Paylaş
6 Haziran’ı 7 Haziran’a bağlayan ılık bir yaz akşamı…
İçimiz kıpır kıpır…
Dakikalar geçmek bilmiyor…
Telaşlıyız; sabah çok geç olabilir…
Geceyarısına doğru Ataköy’de buluşuyoruz…
Son otobüsü yakalıyoruz…
İstikamet Taksim…
Birkaç sabahçı kahvesi, biraz Taksim Parkı…
Olmuyor, daha fazla dayanamıyoruz…
Saat 03:00… Taksim’den Mecidiyeköy’e, kalbimizin attığı o muhteşem yere doğru yürüyüşe geçiyoruz.
Yıllarca, bugün artık var olmayan tercihli otobüs yolundan yürümüşüz maç sonraları…

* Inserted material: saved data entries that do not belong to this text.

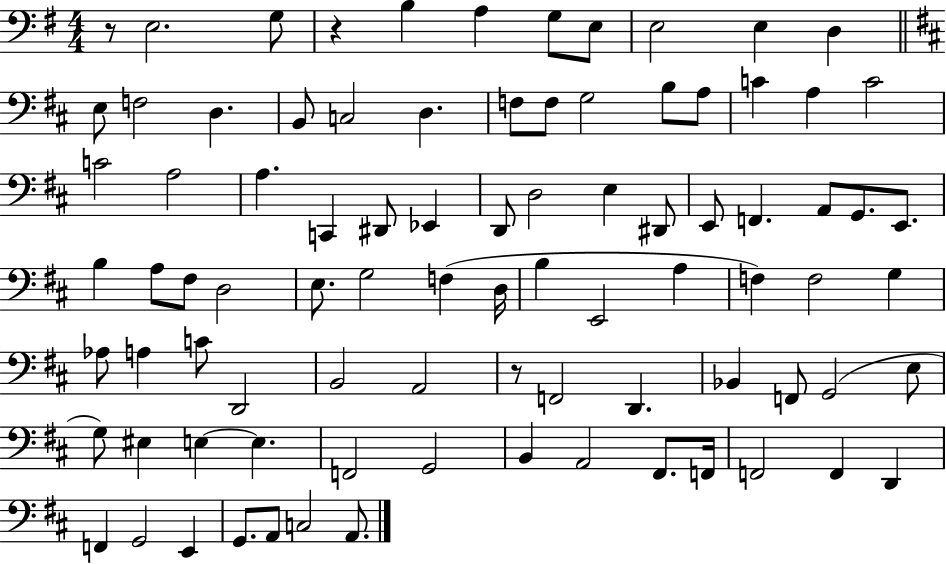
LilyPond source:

{
  \clef bass
  \numericTimeSignature
  \time 4/4
  \key g \major
  r8 e2. g8 | r4 b4 a4 g8 e8 | e2 e4 d4 | \bar "||" \break \key b \minor e8 f2 d4. | b,8 c2 d4. | f8 f8 g2 b8 a8 | c'4 a4 c'2 | \break c'2 a2 | a4. c,4 dis,8 ees,4 | d,8 d2 e4 dis,8 | e,8 f,4. a,8 g,8. e,8. | \break b4 a8 fis8 d2 | e8. g2 f4( d16 | b4 e,2 a4 | f4) f2 g4 | \break aes8 a4 c'8 d,2 | b,2 a,2 | r8 f,2 d,4. | bes,4 f,8 g,2( e8 | \break g8) eis4 e4~~ e4. | f,2 g,2 | b,4 a,2 fis,8. f,16 | f,2 f,4 d,4 | \break f,4 g,2 e,4 | g,8. a,8 c2 a,8. | \bar "|."
}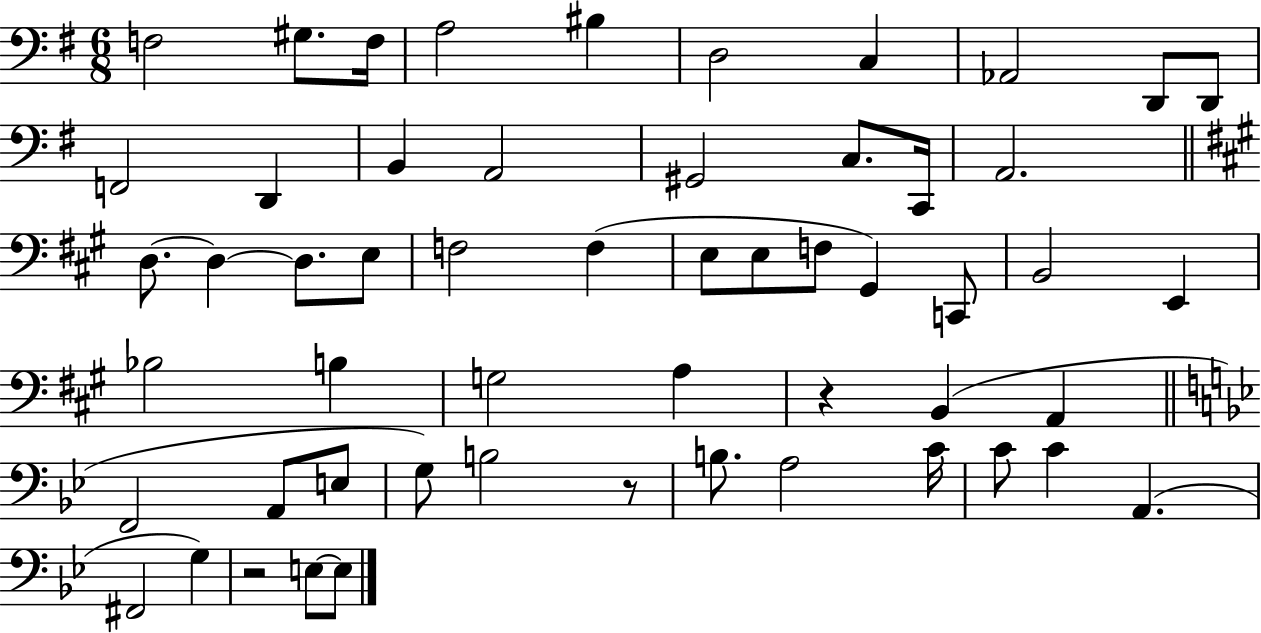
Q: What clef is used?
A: bass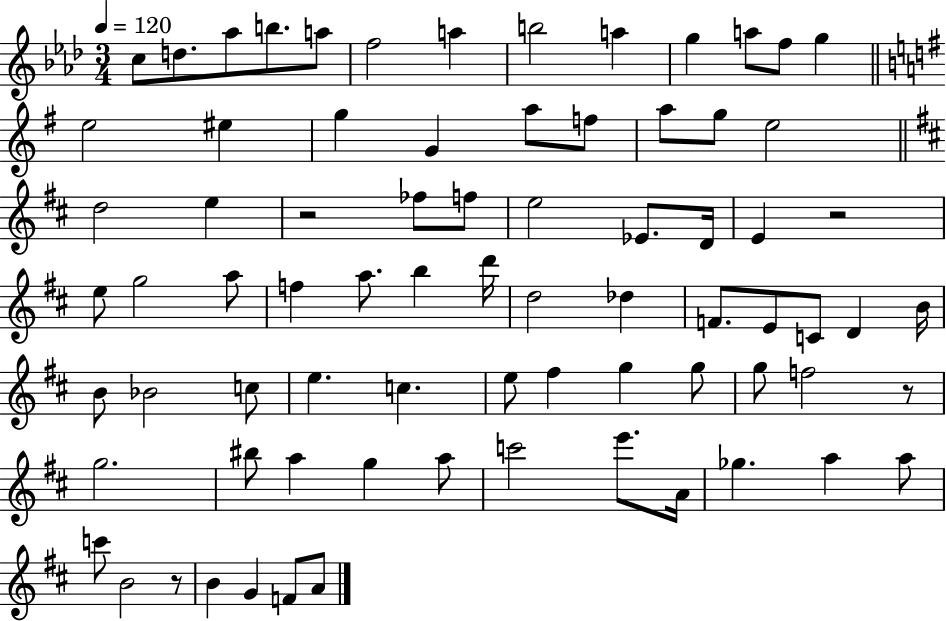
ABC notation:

X:1
T:Untitled
M:3/4
L:1/4
K:Ab
c/2 d/2 _a/2 b/2 a/2 f2 a b2 a g a/2 f/2 g e2 ^e g G a/2 f/2 a/2 g/2 e2 d2 e z2 _f/2 f/2 e2 _E/2 D/4 E z2 e/2 g2 a/2 f a/2 b d'/4 d2 _d F/2 E/2 C/2 D B/4 B/2 _B2 c/2 e c e/2 ^f g g/2 g/2 f2 z/2 g2 ^b/2 a g a/2 c'2 e'/2 A/4 _g a a/2 c'/2 B2 z/2 B G F/2 A/2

Ama hep bir şeyler eksik kalmış içimizde…
O eksikliği tamamlamaya, tarif edilemeyen o büyük boşluğu doldurmaya gidiyoruz o gece…

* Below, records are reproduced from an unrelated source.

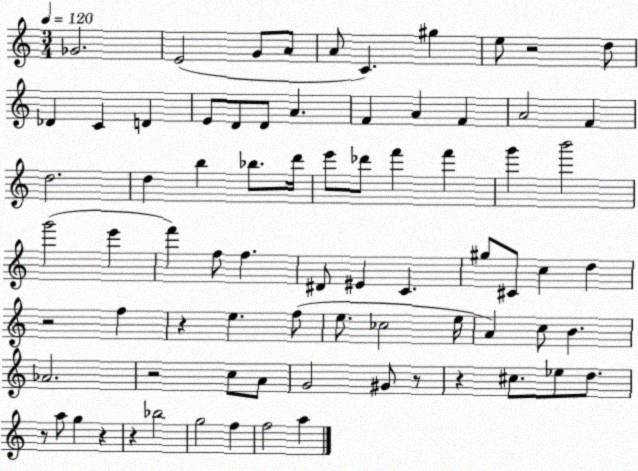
X:1
T:Untitled
M:3/4
L:1/4
K:C
_G2 E2 G/2 A/2 A/2 C ^g e/2 z2 d/2 _D C D E/2 D/2 D/2 A F A F A2 F d2 d b _b/2 d'/4 e'/2 _d'/2 f' f' g' b'2 g'2 e' f' f/2 f ^D/2 ^E C ^g/2 ^C/2 c d z2 f z e f/2 e/2 _c2 e/4 A c/2 B _A2 z2 c/2 A/2 G2 ^G/2 z/2 z ^c/2 _e/2 d/2 z/2 a/2 g z z _b2 g2 f f2 a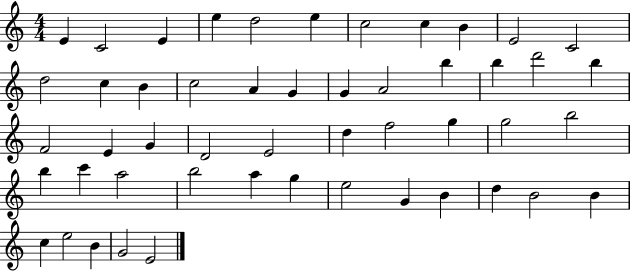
E4/q C4/h E4/q E5/q D5/h E5/q C5/h C5/q B4/q E4/h C4/h D5/h C5/q B4/q C5/h A4/q G4/q G4/q A4/h B5/q B5/q D6/h B5/q F4/h E4/q G4/q D4/h E4/h D5/q F5/h G5/q G5/h B5/h B5/q C6/q A5/h B5/h A5/q G5/q E5/h G4/q B4/q D5/q B4/h B4/q C5/q E5/h B4/q G4/h E4/h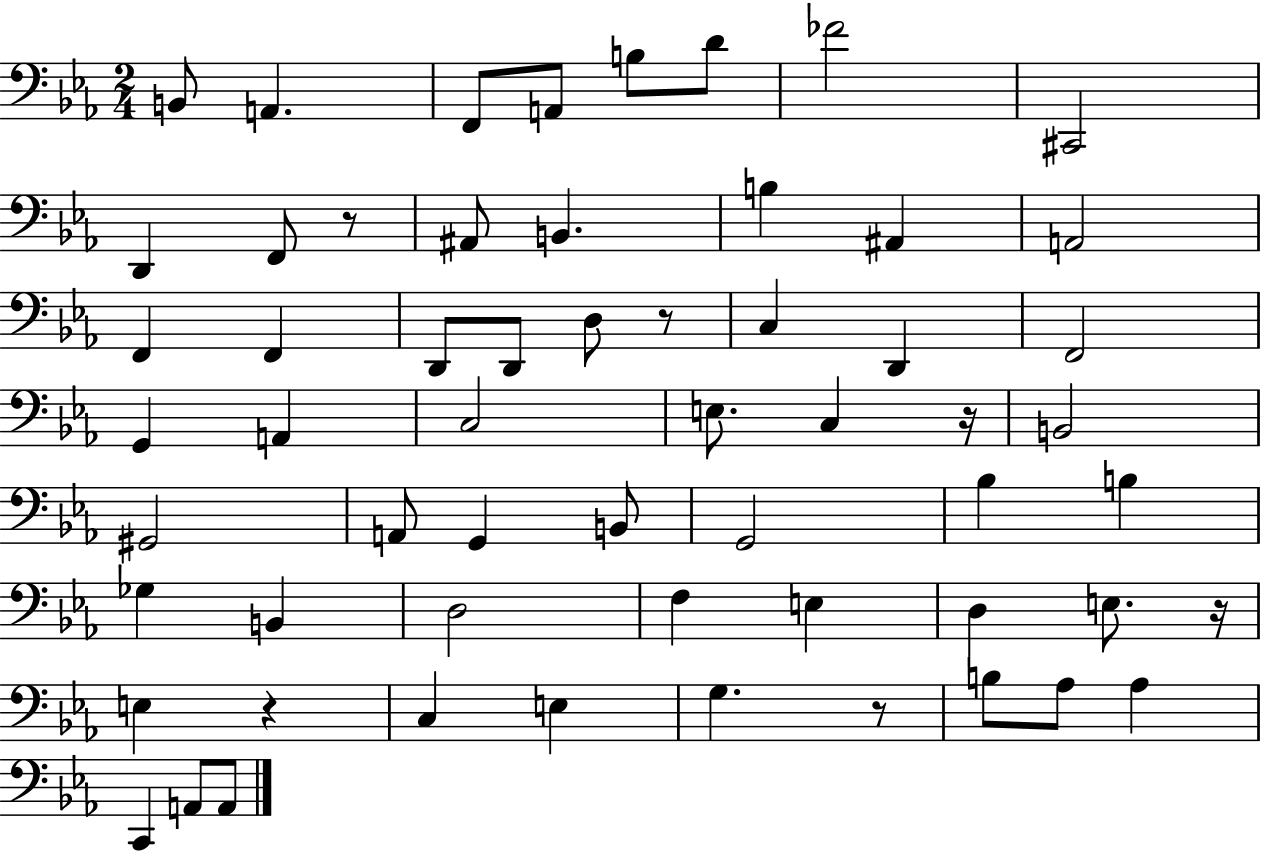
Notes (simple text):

B2/e A2/q. F2/e A2/e B3/e D4/e FES4/h C#2/h D2/q F2/e R/e A#2/e B2/q. B3/q A#2/q A2/h F2/q F2/q D2/e D2/e D3/e R/e C3/q D2/q F2/h G2/q A2/q C3/h E3/e. C3/q R/s B2/h G#2/h A2/e G2/q B2/e G2/h Bb3/q B3/q Gb3/q B2/q D3/h F3/q E3/q D3/q E3/e. R/s E3/q R/q C3/q E3/q G3/q. R/e B3/e Ab3/e Ab3/q C2/q A2/e A2/e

Dilimizde tek bir şarkı var:
Tribünlerde coşacaksın, kupaları alacaksın…
Sen şampiyon olacaksın, seni sevmeyen ölsün, ölsün.
14 senelik bu çile, bitsin artık bu sene…

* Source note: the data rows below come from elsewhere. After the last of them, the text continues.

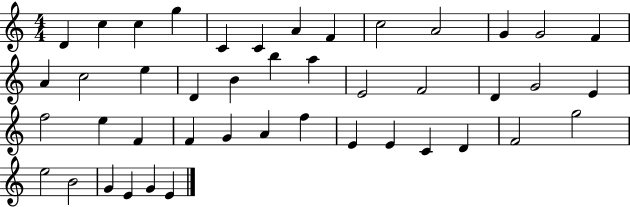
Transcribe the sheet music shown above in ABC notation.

X:1
T:Untitled
M:4/4
L:1/4
K:C
D c c g C C A F c2 A2 G G2 F A c2 e D B b a E2 F2 D G2 E f2 e F F G A f E E C D F2 g2 e2 B2 G E G E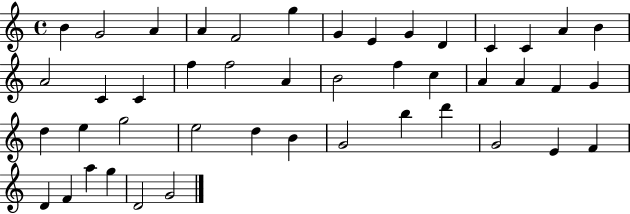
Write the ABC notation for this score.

X:1
T:Untitled
M:4/4
L:1/4
K:C
B G2 A A F2 g G E G D C C A B A2 C C f f2 A B2 f c A A F G d e g2 e2 d B G2 b d' G2 E F D F a g D2 G2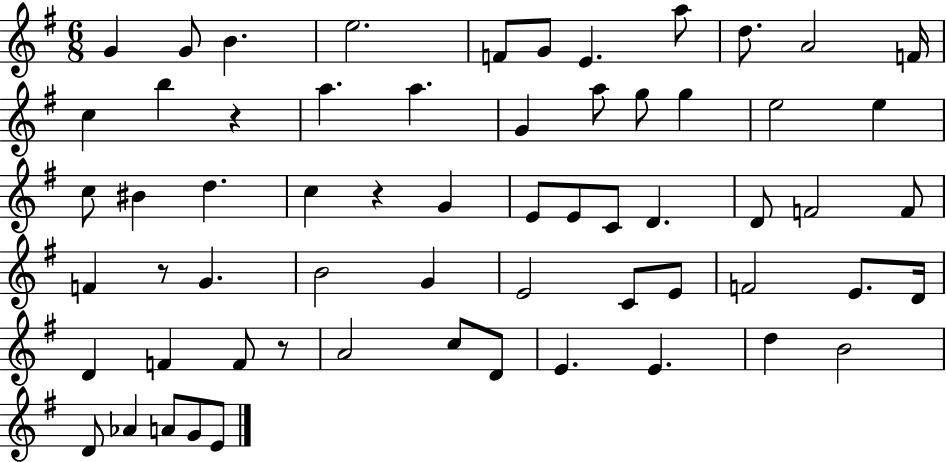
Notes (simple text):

G4/q G4/e B4/q. E5/h. F4/e G4/e E4/q. A5/e D5/e. A4/h F4/s C5/q B5/q R/q A5/q. A5/q. G4/q A5/e G5/e G5/q E5/h E5/q C5/e BIS4/q D5/q. C5/q R/q G4/q E4/e E4/e C4/e D4/q. D4/e F4/h F4/e F4/q R/e G4/q. B4/h G4/q E4/h C4/e E4/e F4/h E4/e. D4/s D4/q F4/q F4/e R/e A4/h C5/e D4/e E4/q. E4/q. D5/q B4/h D4/e Ab4/q A4/e G4/e E4/e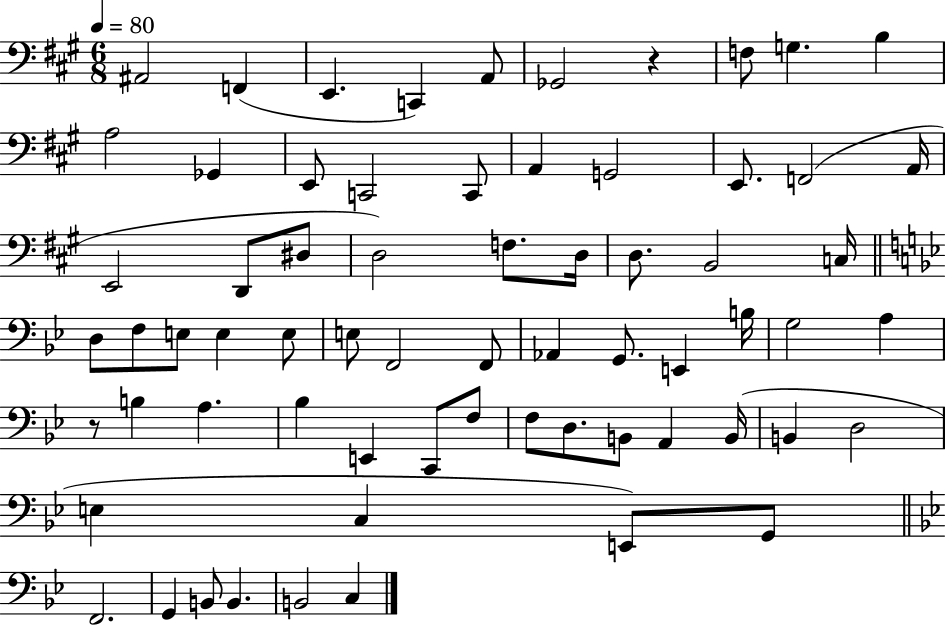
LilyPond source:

{
  \clef bass
  \numericTimeSignature
  \time 6/8
  \key a \major
  \tempo 4 = 80
  ais,2 f,4( | e,4. c,4) a,8 | ges,2 r4 | f8 g4. b4 | \break a2 ges,4 | e,8 c,2 c,8 | a,4 g,2 | e,8. f,2( a,16 | \break e,2 d,8 dis8 | d2) f8. d16 | d8. b,2 c16 | \bar "||" \break \key g \minor d8 f8 e8 e4 e8 | e8 f,2 f,8 | aes,4 g,8. e,4 b16 | g2 a4 | \break r8 b4 a4. | bes4 e,4 c,8 f8 | f8 d8. b,8 a,4 b,16( | b,4 d2 | \break e4 c4 e,8) g,8 | \bar "||" \break \key g \minor f,2. | g,4 b,8 b,4. | b,2 c4 | \bar "|."
}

Sen şampiyon olacaksın, seni sevmeyen ölsün, ölsün.
+++
Saat 05:00… Ortalık mahşer yeri…
Gişelerin ışığı yanıyor, kalabalık dalgalanıyor…
Işık sönüyor, herkes olduğu yere çöküp beklemeye başlıyor.
Ve saat 9’da kapılar açılıyor.
Yok böyle bir izdiham.
Çünkü dışarıda kalmak ölmekten beter sabahı dar eden on binlerce yürek için…
Ve içerideyiz…
UEFA normları gereği son yıllarda 18 bin seyirci alabilen Ali Sami Yen’de, o gün tamı tamına 35 bin 845 can var.
Merdiven boşluğu hak getire…
Herkes üst üste…
Maç bitene kadar tuvalete gitmek imkansız…
Büfelerden yiyecek almak mümkün değil.
Ama zaten hiç kimse aç değil…
Tek açlık, şampiyonluğa…
Tek açlık, sarı ile kırmızıya…
+++
Yıl 1987…
Günlerden 7 Haziran…
Maç: Galatasaray-Eskişehirspor…
Skor: 2-1…
Oradaydım…
+++
Artık fiziken taşınıyoruz Mecidiyeköy’den…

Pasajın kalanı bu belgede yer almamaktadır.